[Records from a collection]
:::::
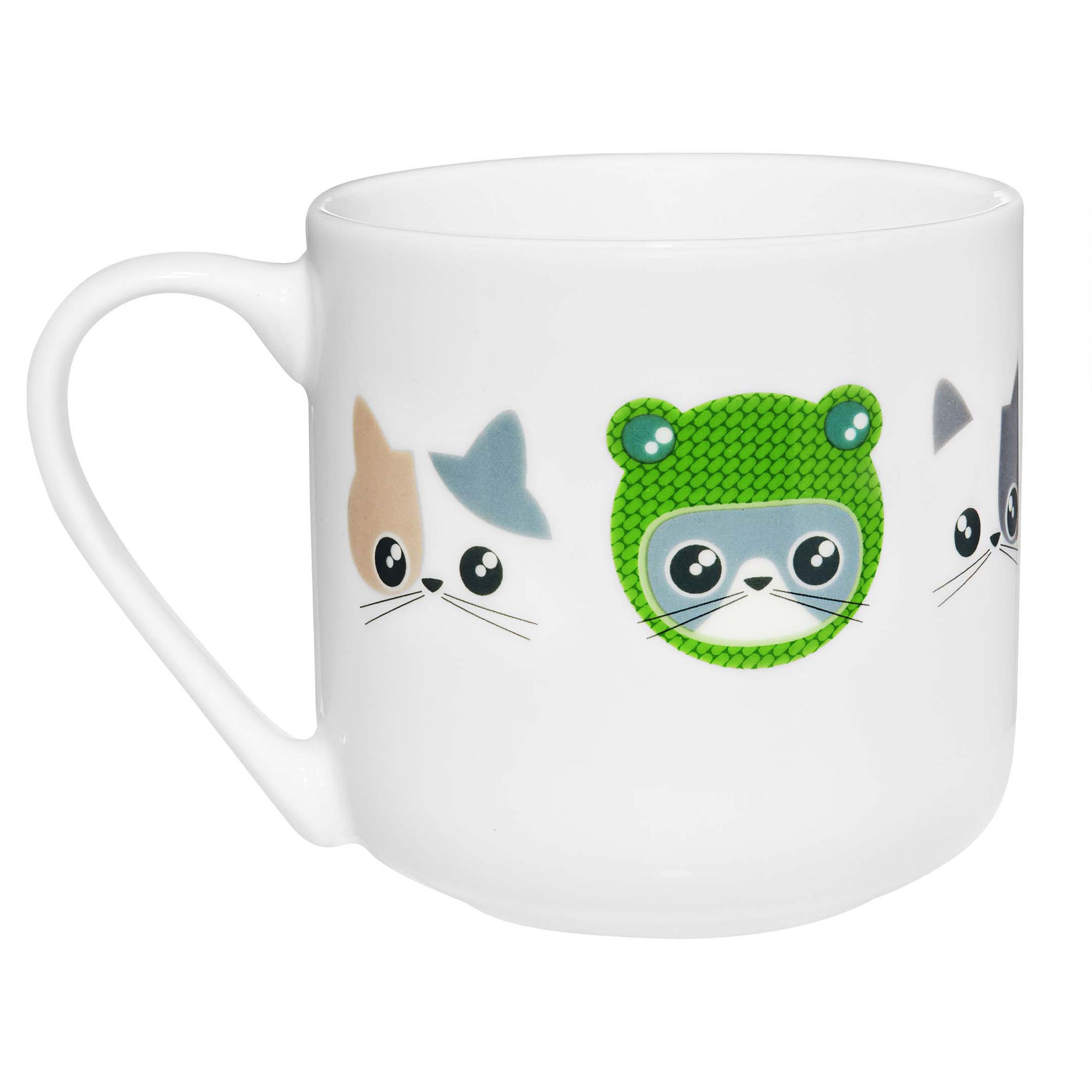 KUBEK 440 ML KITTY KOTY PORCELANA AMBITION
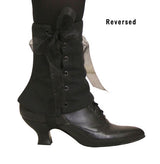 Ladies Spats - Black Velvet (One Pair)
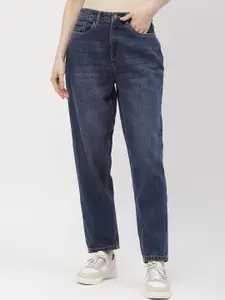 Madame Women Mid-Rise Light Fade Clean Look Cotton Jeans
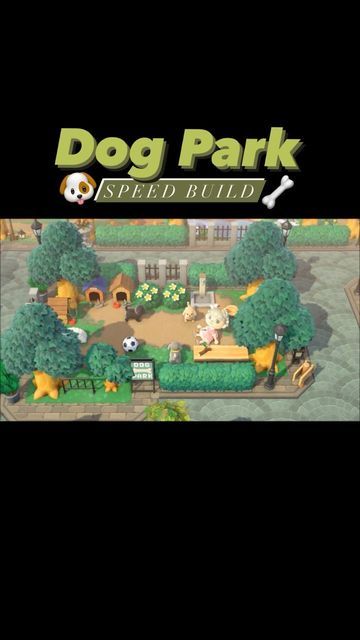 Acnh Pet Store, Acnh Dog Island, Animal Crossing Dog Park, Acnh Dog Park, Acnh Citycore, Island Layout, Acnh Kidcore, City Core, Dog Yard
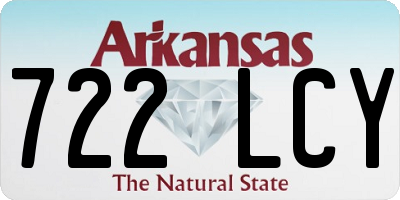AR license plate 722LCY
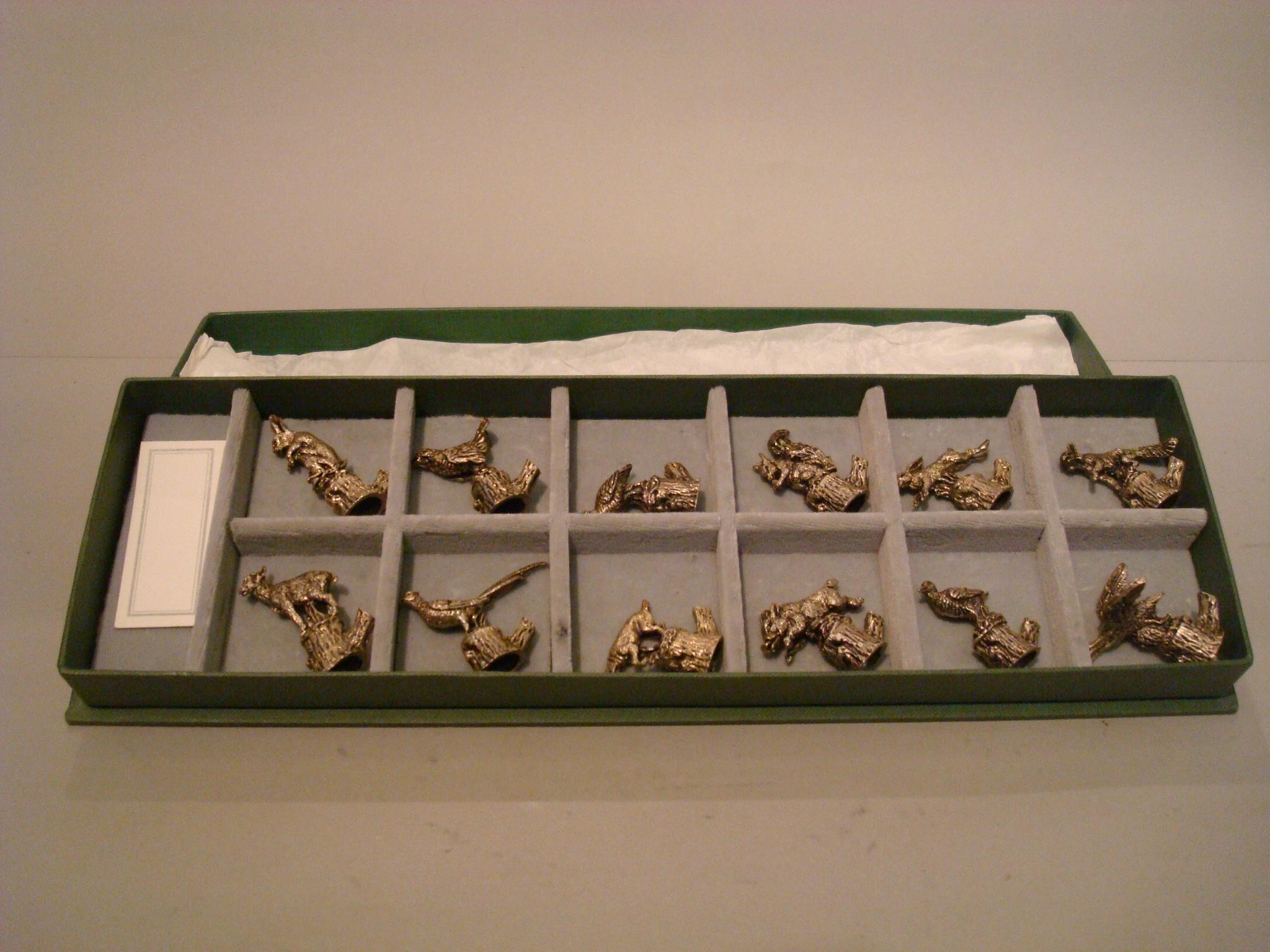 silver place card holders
:::::
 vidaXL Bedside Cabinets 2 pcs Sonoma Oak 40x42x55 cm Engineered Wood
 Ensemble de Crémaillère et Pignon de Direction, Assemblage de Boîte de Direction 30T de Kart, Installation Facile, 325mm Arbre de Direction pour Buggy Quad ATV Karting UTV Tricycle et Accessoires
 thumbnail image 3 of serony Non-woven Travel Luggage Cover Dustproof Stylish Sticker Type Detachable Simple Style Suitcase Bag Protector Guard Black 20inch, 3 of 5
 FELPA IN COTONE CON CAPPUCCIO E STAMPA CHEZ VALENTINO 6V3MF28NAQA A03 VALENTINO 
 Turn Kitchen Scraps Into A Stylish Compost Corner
:::::
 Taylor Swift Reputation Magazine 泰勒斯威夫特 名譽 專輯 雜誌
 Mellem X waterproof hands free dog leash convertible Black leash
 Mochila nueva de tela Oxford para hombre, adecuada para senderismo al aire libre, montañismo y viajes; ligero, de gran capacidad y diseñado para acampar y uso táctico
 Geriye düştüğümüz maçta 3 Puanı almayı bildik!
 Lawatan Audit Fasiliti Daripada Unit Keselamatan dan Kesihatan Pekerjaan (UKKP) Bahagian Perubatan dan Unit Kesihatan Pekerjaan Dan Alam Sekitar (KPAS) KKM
:::::
__Exercise brief__: Go through the data line by line and say how many lines contain "Stylish". Give the number alone.

__Answer space__: 2